Med Board Goes After Unlicensed Docs

Cheryl Clark, for HealthLeaders Media , July 6, 2009

California quacks, look out. As of July 1, the Medical Board of California now has unlicensed practitioners in its sights with its revitalization of "Operation Safe Medicine."

The team of four investigators plus staff will focus full-time on unlicensed practitioners, especially those from Mexico or "Hollywood-culture doctors from other countries" who try to sell unapproved procedures and treatments, says medical board spokeswoman Candis Cohen.

Many of the unlicensed practitioners "prey on sick and desperate patients," many of whom have low income, she says.

"Because of its underground nature, it's impossible to know the extent of the problem in California," Cohen says. Investigators believe that with those so far discovered, "we are just scratching the surface. We need more patients to come forward."
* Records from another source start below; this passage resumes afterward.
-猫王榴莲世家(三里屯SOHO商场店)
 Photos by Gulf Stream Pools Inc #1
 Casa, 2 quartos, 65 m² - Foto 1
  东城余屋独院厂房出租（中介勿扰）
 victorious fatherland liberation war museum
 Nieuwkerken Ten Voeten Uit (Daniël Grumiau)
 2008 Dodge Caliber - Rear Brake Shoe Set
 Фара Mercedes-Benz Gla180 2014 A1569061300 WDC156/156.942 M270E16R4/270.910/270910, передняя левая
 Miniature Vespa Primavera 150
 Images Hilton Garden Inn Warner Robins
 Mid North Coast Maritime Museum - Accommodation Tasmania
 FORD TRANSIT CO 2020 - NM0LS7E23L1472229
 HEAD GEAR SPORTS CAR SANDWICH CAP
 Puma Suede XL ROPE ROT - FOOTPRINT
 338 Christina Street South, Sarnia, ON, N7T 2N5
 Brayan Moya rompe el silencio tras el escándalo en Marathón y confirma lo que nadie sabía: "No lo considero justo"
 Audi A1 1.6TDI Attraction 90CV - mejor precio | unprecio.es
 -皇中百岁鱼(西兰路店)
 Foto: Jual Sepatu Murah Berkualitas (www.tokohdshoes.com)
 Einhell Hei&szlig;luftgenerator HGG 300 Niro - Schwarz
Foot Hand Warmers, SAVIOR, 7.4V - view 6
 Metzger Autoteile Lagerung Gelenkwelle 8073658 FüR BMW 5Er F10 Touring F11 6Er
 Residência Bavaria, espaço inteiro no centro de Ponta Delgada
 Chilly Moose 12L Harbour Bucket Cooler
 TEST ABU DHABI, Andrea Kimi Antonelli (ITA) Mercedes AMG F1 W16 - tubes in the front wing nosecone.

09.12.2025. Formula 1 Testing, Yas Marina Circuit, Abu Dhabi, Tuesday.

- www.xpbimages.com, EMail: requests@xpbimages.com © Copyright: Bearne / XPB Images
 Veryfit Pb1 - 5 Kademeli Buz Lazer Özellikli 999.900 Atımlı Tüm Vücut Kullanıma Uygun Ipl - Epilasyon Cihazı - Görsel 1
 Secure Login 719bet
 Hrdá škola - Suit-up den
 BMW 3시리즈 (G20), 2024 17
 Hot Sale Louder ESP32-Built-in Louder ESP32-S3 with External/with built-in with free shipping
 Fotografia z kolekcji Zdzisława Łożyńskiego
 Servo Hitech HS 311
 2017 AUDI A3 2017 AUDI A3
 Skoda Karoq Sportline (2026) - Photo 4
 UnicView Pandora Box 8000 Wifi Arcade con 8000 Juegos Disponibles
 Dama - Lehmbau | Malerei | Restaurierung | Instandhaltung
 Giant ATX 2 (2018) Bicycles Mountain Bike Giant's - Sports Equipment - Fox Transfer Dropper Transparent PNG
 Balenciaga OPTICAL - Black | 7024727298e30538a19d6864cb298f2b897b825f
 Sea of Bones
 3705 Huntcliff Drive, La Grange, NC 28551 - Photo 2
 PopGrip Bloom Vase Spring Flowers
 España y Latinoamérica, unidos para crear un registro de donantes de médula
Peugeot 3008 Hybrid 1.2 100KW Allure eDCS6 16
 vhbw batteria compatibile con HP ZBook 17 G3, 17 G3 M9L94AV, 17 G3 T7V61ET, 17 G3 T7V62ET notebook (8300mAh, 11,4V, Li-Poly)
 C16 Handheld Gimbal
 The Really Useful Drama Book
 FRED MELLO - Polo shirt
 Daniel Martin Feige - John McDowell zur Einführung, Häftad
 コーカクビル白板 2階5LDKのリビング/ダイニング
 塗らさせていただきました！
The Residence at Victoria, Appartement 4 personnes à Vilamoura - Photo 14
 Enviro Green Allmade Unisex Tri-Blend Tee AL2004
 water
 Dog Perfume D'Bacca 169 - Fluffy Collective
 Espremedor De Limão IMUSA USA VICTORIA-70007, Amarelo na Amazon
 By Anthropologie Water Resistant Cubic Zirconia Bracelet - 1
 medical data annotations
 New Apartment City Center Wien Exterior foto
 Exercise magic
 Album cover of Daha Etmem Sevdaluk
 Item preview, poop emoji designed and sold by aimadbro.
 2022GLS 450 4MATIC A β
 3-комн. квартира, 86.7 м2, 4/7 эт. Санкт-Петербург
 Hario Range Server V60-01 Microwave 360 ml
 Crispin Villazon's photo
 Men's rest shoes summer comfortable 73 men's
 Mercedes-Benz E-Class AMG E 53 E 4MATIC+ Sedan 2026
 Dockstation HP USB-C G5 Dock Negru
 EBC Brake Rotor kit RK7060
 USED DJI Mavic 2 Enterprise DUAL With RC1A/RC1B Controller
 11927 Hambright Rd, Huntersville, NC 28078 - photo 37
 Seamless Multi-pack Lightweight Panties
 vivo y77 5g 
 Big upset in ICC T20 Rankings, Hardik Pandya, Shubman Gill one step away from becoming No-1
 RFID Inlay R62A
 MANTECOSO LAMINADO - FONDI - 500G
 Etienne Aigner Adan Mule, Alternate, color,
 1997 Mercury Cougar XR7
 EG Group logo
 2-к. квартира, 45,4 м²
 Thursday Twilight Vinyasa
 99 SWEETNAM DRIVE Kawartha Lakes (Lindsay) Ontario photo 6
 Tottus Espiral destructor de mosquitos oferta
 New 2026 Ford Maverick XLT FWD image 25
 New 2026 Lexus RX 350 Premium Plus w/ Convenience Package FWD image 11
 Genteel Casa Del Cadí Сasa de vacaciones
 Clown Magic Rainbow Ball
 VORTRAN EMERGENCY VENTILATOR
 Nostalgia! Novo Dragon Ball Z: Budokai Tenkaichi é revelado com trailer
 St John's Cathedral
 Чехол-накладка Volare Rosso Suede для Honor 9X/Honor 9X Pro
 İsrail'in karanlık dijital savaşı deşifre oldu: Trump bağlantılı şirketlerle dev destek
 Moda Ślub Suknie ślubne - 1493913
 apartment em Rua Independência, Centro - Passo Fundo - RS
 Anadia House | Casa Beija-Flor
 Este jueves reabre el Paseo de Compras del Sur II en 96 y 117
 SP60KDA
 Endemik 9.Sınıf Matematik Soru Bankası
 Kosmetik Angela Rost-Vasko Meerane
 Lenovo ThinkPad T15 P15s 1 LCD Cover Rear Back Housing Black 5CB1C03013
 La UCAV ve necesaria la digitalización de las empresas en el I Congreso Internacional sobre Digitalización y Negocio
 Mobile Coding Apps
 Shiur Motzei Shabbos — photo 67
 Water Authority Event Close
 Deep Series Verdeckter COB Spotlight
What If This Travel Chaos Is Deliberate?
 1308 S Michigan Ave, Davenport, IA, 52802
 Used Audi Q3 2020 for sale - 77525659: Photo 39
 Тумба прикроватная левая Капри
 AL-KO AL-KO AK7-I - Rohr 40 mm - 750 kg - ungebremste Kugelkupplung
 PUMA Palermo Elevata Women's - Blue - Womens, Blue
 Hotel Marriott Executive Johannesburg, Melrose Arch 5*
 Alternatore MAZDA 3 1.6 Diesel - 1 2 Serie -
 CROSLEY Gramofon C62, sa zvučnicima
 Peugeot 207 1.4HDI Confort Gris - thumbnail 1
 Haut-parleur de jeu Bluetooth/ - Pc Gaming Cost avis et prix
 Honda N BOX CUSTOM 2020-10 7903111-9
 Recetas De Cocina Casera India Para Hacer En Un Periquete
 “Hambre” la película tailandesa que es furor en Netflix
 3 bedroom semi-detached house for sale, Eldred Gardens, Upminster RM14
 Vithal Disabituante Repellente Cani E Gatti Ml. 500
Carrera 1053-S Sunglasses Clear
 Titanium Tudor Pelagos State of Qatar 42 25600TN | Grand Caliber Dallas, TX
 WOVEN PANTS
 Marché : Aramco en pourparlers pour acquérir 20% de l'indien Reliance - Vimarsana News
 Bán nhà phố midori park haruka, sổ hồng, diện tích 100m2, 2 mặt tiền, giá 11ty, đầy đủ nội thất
The board licenses 125,000 physicians. After lengthy investigations verifying allegations of misconduct, the board refers those doctors for discipline through the state Attorney General's office.

With this office, the board now has a team dedicated just to systematically finding and stopping unlicensed practitioners, especially those who have the potential to harm patients.

Many of the illicit treatments include unlicensed drugs or herbal remedies from other countries or surgical "cosmetic" procedures geared to changing one's physical appearance. And, many of the illicit practices have been found in Los Angeles and surrounding areas, Cohen says.

"Many in the physician community in California have been horrified at the disfigurement they have seen at the hands of unlicensed individuals," Cohen says.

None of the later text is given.